# [What to produce]
Look through the data that follows and copy each line with the string "Terrace".

(Saved data entries)
◇ ◇ ◇ ◇ ◇
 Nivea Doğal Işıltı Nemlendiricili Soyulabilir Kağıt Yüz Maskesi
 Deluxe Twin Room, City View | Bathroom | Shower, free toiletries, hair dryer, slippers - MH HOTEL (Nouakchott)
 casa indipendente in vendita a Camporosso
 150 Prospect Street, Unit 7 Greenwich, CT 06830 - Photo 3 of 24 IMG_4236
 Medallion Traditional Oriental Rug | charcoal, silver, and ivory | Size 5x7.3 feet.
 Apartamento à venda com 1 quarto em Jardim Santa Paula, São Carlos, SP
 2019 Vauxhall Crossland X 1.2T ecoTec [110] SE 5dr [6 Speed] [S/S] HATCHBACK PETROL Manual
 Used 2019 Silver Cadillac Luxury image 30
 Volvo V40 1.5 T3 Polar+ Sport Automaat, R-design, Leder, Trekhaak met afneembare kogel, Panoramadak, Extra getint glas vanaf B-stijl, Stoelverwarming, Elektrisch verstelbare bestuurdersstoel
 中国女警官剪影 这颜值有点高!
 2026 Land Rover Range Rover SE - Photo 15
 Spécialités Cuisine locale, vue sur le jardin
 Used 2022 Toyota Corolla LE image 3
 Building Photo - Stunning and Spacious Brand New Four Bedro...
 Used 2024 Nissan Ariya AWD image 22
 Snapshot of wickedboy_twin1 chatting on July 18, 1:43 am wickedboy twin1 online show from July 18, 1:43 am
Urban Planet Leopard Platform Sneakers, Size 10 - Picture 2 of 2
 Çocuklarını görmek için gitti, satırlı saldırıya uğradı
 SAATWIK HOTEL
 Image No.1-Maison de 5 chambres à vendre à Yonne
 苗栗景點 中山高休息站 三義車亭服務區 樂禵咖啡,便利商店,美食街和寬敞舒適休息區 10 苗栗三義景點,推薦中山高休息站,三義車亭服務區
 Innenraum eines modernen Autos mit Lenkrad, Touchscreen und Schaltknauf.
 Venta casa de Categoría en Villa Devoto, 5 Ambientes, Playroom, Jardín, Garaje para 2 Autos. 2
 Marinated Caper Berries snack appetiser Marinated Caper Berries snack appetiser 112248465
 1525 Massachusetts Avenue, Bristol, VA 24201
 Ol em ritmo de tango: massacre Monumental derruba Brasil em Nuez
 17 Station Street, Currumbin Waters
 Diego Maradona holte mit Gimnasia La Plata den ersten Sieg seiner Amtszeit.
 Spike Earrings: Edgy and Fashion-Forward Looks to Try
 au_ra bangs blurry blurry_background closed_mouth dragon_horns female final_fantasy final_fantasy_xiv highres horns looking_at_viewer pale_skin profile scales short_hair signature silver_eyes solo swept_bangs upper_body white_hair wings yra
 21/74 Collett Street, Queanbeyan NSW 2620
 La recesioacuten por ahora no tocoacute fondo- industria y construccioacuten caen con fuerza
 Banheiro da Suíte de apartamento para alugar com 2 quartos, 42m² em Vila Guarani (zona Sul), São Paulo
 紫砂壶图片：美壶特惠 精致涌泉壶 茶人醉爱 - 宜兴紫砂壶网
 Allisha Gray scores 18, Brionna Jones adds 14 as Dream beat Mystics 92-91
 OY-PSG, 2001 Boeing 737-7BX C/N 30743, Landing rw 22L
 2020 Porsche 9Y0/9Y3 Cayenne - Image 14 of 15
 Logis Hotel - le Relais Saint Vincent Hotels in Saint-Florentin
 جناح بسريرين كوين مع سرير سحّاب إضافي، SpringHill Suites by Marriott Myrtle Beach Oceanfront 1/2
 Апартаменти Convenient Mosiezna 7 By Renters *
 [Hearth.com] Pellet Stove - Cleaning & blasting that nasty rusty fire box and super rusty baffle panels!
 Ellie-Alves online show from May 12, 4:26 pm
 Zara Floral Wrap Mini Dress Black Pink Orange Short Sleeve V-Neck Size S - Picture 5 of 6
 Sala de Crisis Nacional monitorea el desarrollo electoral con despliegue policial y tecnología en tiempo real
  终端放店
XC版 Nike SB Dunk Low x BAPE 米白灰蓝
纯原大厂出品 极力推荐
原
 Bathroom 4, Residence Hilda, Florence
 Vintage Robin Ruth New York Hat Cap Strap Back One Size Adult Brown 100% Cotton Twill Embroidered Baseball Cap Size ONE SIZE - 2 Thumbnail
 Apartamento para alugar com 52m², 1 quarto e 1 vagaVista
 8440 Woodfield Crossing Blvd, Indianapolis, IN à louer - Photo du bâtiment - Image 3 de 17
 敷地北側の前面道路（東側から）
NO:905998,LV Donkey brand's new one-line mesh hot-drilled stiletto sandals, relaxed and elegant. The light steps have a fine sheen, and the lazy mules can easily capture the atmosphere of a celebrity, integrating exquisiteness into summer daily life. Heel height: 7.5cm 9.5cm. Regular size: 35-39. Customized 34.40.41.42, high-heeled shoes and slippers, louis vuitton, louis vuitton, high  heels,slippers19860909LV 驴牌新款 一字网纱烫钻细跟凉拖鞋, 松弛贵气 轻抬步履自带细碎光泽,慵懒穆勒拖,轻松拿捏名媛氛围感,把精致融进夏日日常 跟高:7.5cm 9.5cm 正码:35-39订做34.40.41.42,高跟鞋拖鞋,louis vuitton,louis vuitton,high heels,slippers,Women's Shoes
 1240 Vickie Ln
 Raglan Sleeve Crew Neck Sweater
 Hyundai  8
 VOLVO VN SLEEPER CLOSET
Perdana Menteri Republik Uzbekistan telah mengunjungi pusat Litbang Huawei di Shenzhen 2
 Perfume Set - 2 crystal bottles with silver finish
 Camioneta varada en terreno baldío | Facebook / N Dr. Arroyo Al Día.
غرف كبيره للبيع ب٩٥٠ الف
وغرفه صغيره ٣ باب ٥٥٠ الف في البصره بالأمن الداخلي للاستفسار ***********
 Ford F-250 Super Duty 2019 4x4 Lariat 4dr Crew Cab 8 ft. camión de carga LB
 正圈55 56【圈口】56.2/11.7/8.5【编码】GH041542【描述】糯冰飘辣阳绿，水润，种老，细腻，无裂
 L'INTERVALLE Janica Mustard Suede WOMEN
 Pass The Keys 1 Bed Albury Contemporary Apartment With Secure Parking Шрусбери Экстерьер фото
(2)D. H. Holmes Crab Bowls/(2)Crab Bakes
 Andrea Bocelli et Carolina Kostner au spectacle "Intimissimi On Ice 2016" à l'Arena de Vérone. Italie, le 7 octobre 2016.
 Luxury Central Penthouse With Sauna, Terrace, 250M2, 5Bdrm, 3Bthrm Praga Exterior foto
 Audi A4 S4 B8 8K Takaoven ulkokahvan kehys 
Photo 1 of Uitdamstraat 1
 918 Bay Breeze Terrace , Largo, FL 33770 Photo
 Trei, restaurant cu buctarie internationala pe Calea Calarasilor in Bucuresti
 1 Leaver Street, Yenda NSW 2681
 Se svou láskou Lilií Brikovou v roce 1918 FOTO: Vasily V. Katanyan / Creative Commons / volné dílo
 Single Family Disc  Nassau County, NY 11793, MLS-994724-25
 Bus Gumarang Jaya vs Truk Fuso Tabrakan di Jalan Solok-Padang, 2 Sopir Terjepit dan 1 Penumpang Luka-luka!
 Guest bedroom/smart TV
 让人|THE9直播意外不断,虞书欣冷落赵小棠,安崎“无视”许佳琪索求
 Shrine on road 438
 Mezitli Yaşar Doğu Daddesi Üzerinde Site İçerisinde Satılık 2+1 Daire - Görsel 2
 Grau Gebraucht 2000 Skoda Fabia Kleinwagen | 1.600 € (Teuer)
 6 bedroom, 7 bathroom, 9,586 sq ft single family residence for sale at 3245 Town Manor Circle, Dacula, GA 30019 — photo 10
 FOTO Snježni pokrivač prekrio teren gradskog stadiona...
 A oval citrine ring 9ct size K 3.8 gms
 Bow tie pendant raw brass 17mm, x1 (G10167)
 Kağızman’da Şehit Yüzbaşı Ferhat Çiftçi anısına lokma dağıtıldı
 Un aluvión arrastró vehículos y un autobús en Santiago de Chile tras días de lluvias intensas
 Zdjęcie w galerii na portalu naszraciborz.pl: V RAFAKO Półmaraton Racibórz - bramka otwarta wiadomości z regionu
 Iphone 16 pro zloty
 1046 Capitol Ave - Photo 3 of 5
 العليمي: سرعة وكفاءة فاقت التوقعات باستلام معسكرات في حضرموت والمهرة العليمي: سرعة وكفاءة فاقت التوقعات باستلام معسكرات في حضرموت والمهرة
◇ ◇ ◇ ◇ ◇
# [Task result]
 Luxury Central Penthouse With Sauna, Terrace, 250M2, 5Bdrm, 3Bthrm Praga Exterior foto
 918 Bay Breeze Terrace , Largo, FL 33770 Photo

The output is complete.